I was fortunate to go home this Thanksgiving. I quarantined, got tested, and could finally hug my mom after so many months of social distance and masks. While our house is in the valley, our property extends up the hill. My junior year in high school we read Thoreau, and I began building a tiny 8×12 cabin (shed) in a field up there which I finally finished this summer. It’s a great place to watch the seasons unfold.

The cabin looks across the valley (to the right of the picture above), so I could see the different forest vegetation. Unlike Lone Rock, the forests here are eastern hardwood forests, with rich soil and a wide variety of deciduous and evergreen species. Although there is a pocket of cedars along the river, planted a hundred years ago by a previous owner who was thinking generations ahead. The sun beams through the bare branches of trees on the hillside across the valley. I looked at the trees upside down (through my legs), and the branches give the illusion that the trees are drooping towards the sky, barely holding on to the ground. We should all take pride in our phenomenal efforts against gravity.

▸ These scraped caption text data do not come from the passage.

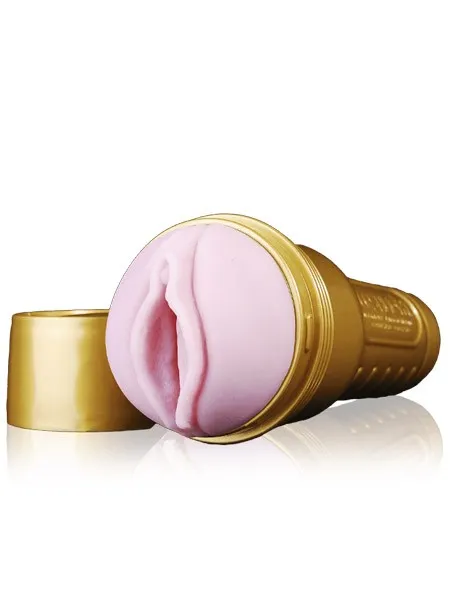 Fleshlight Pink Lady Stamina Training Unit: Masturbator Fleshlight Pink Lady Stamina Training Unit: Masturbator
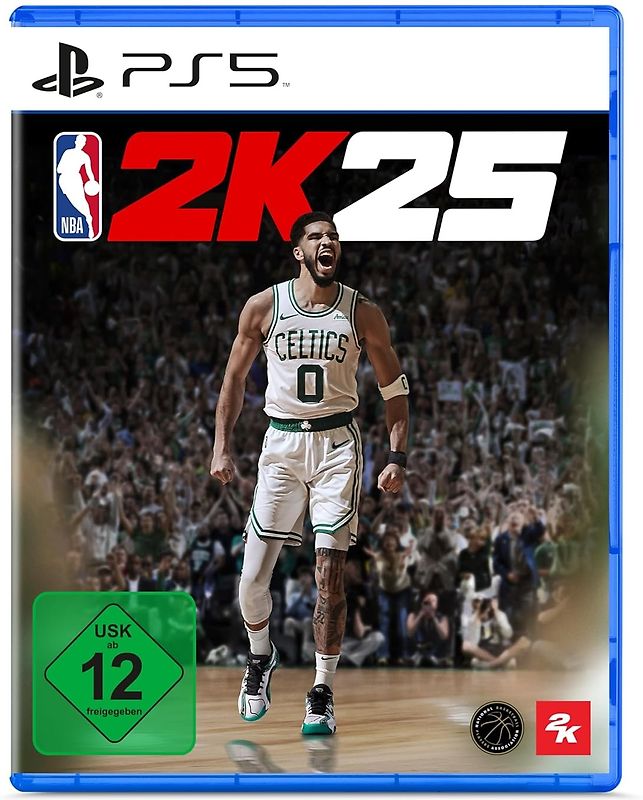 NBA 2K25 PlayStation 5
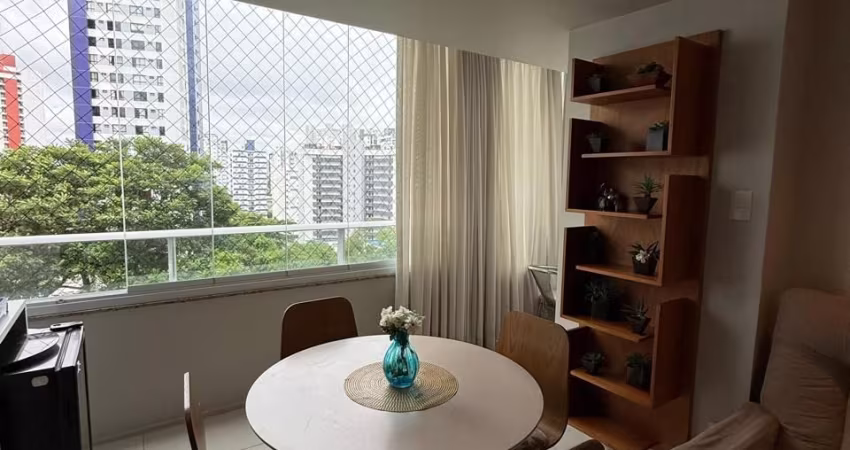 Apartamento nascente com 3/4, suíte + gabinete, 114m² no Cidade Jardim – Alto padrão!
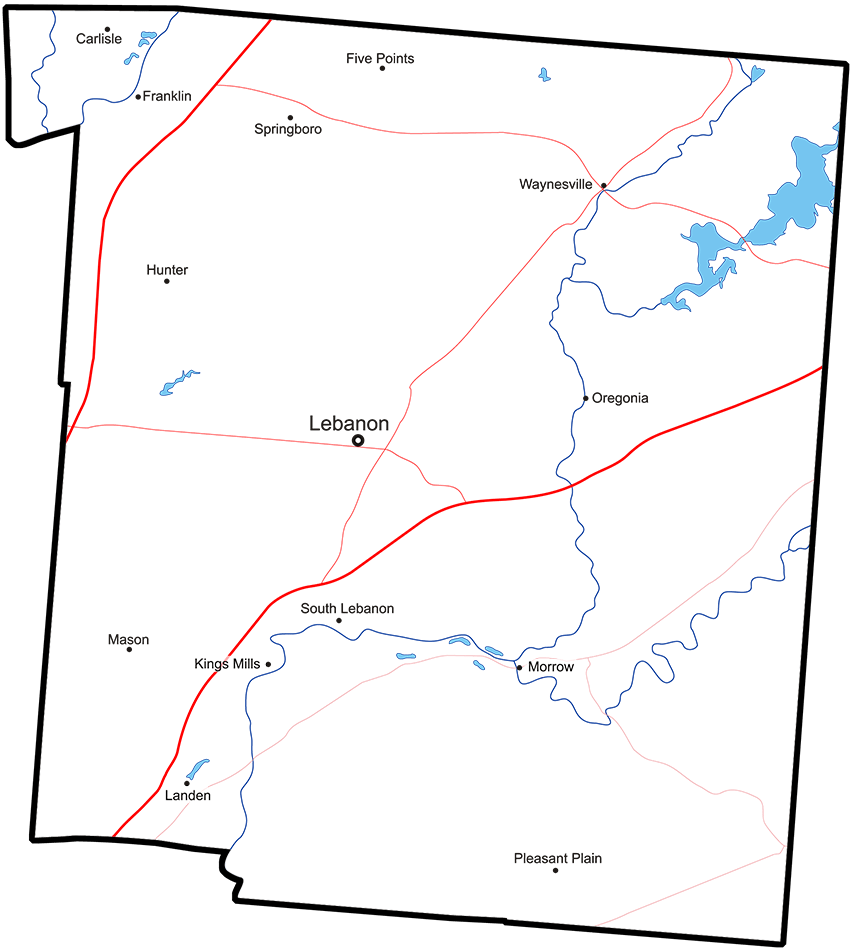 Ohio Billboards Warren County KeyAds, Inc.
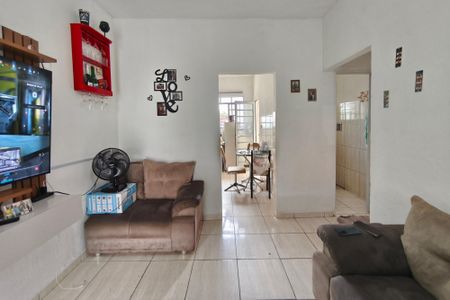 Sala de casa à venda com 2 quartos, 250m² em Vila Proost de Souza, Campinas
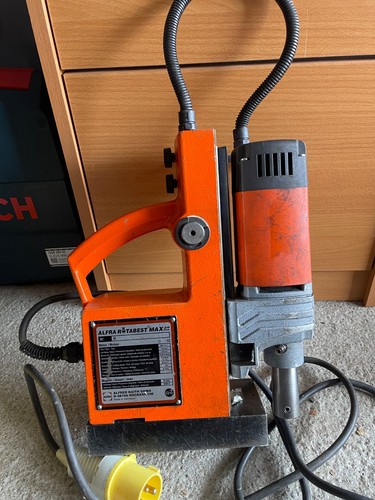 Used alfra rotabest - rotabest, 38/50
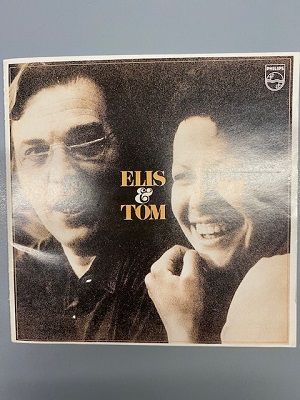 エリス・レジーナ＆トム・ジョビン特集！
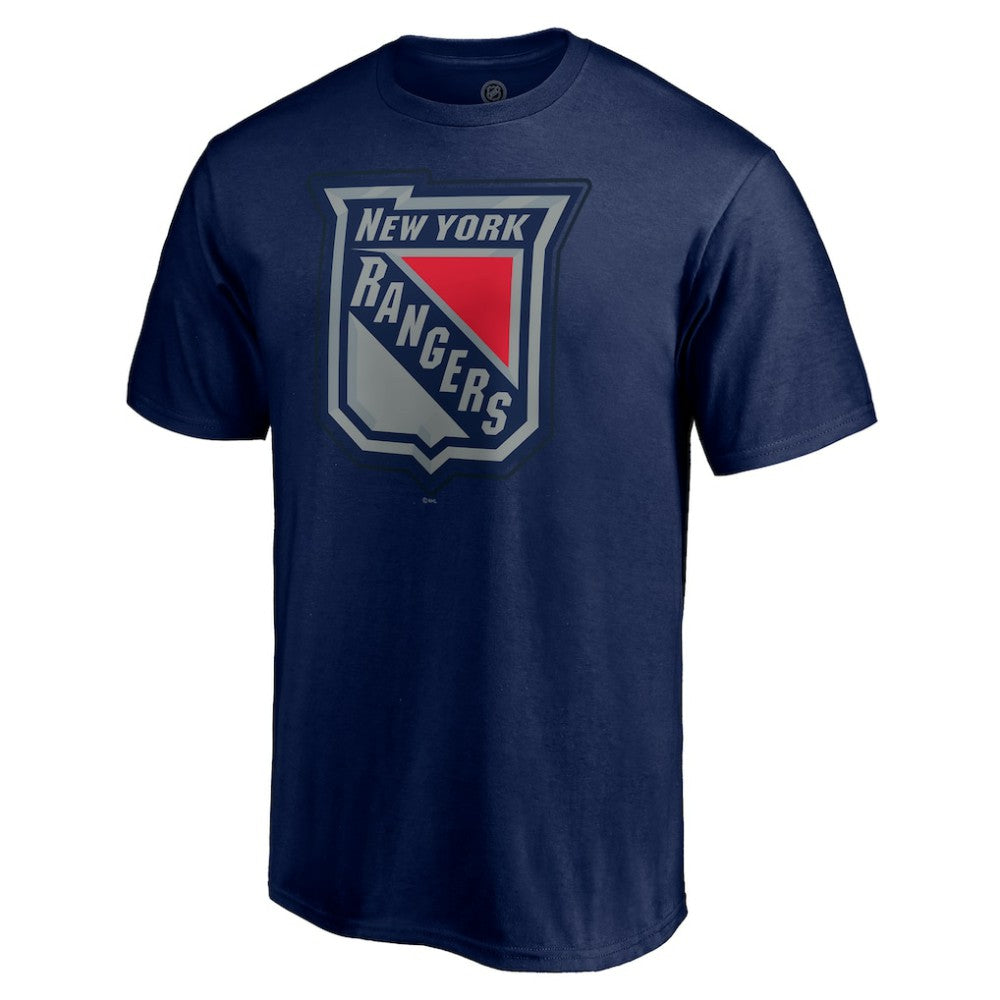 New York Rangers Special Edition Secondary Logo T-Shirt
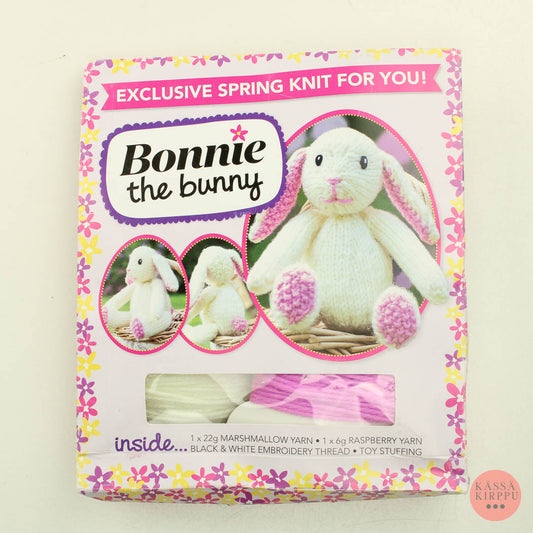 Bonnie the bunny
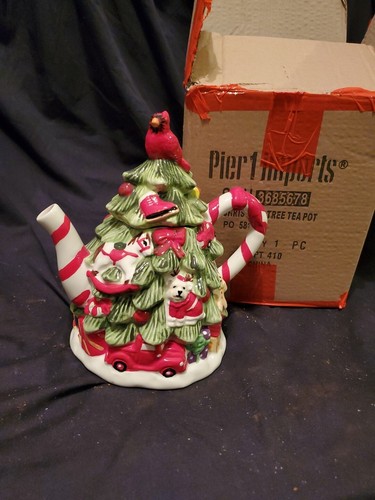 Pier imports christmas tree - pier,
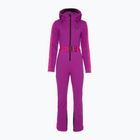 Women's ski suit EA7 Emporio Armani Ski Kitzbuhel Softshell hollyhock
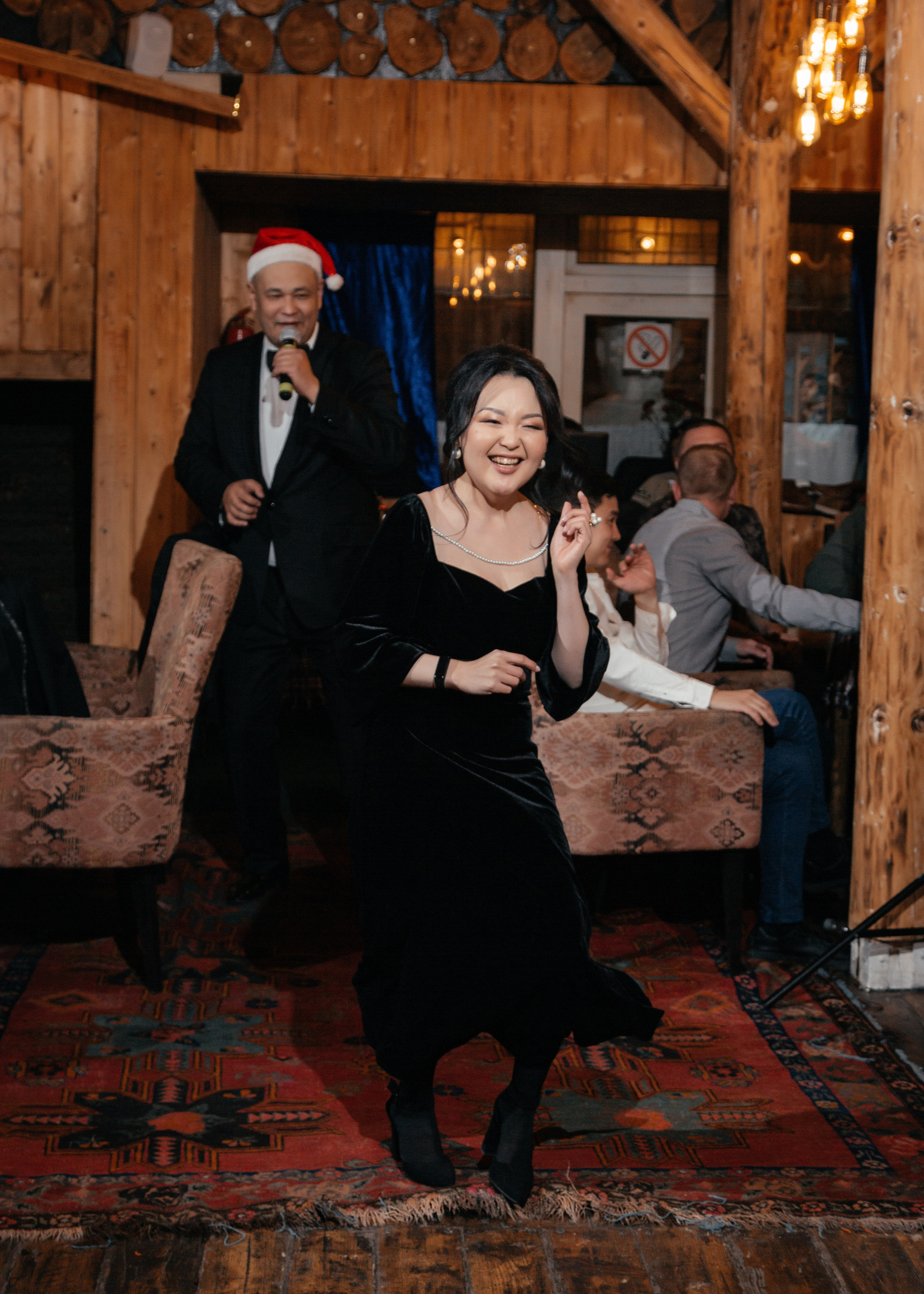 Корпоратив 24 декабря 21года. Свадебный фотограф Алматы Arhipov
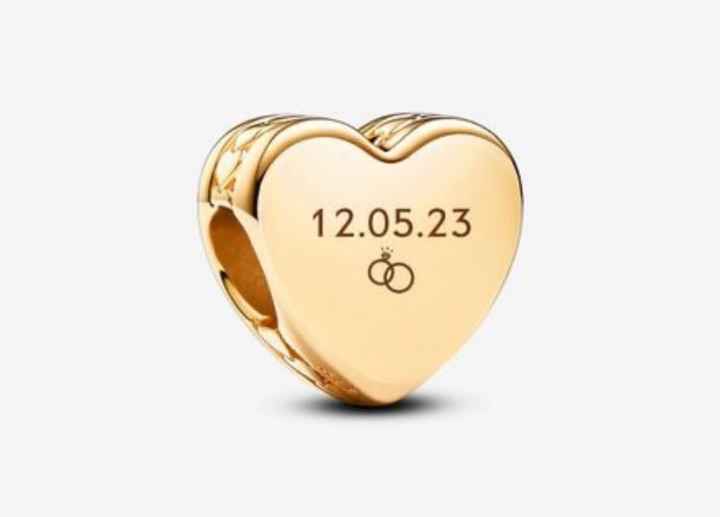 Regalo testimone - 1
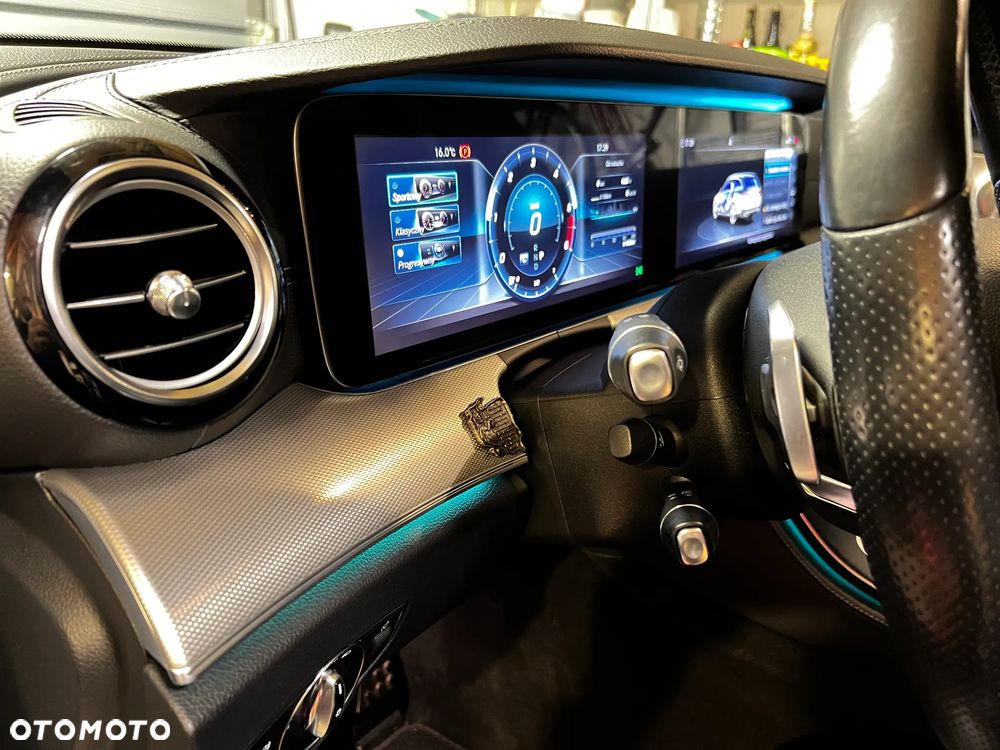 Mercedes-Benz Klasa E 220 d 9G-TRONIC - 25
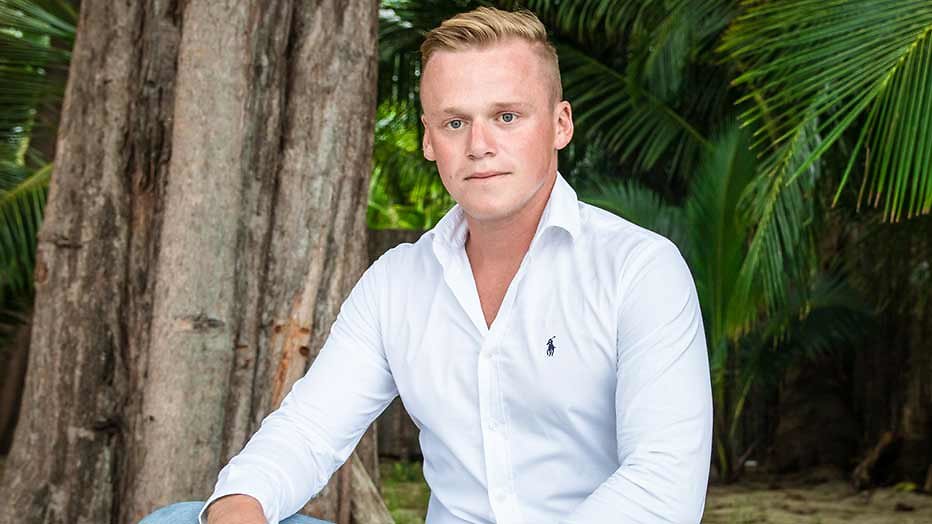 Kevin en Chloë van Temptation Island nog steeds bij elkaar 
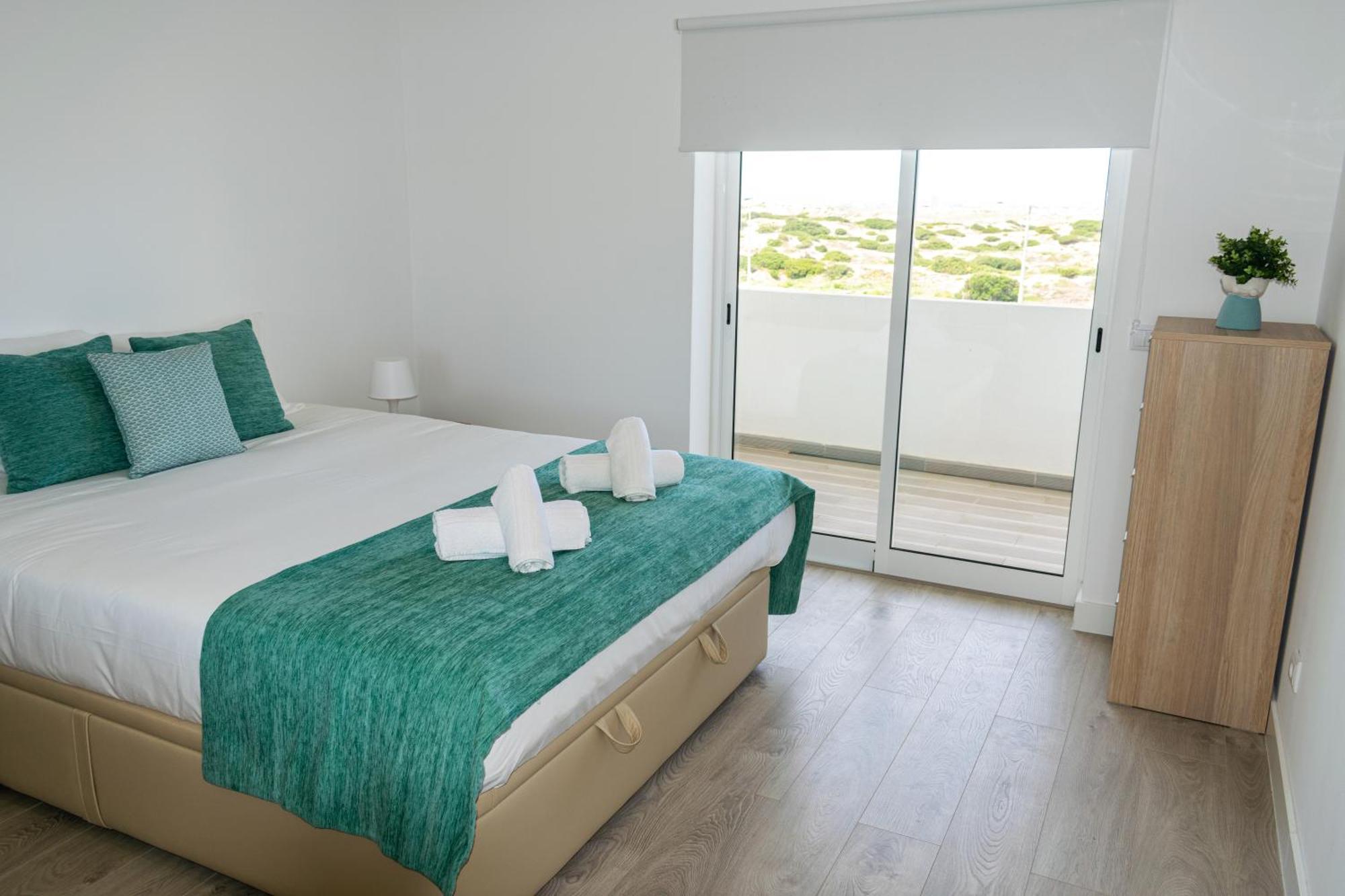 Baleal Dream Lejlighed Ferrel  Eksteriør billede
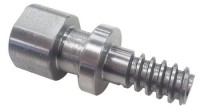 Charnwood N3WS - Nexus 3 Wood Screw for Nexus 3 Chuck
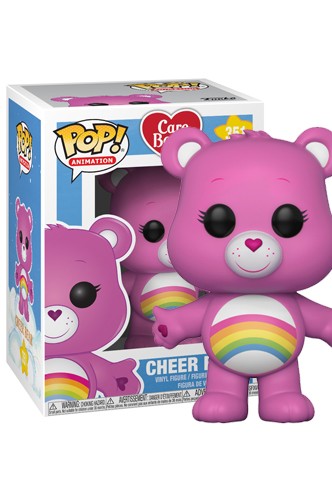 Pop! Animation: Care Bears - Cheer Bear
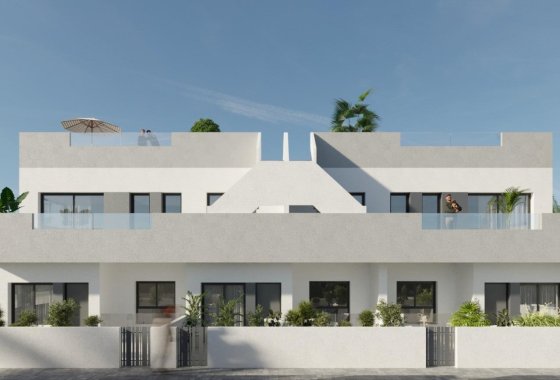 New Build - Apartman - Torrevieja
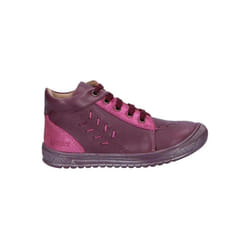 Kickers Sneakers Hautes Cuir Bilop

Decades ago the area around the cabin was cleared, and so the land has a smooth successional transition from established forest to more a tangle of mid sized trees, to small trees, to brambles and ferns, and finally grassland. While Lone Rock Point has a lot of mosses and exposed stones, the ground here is a textured stew of green mulch and cover species (see image).
Overall, while both natural communities share similar climates and generalities, the eastern hardwood forests tucked into the rolling hills are starkly different than the rugged wind-blown limestone cedar bluffs that line Lone Rock Point.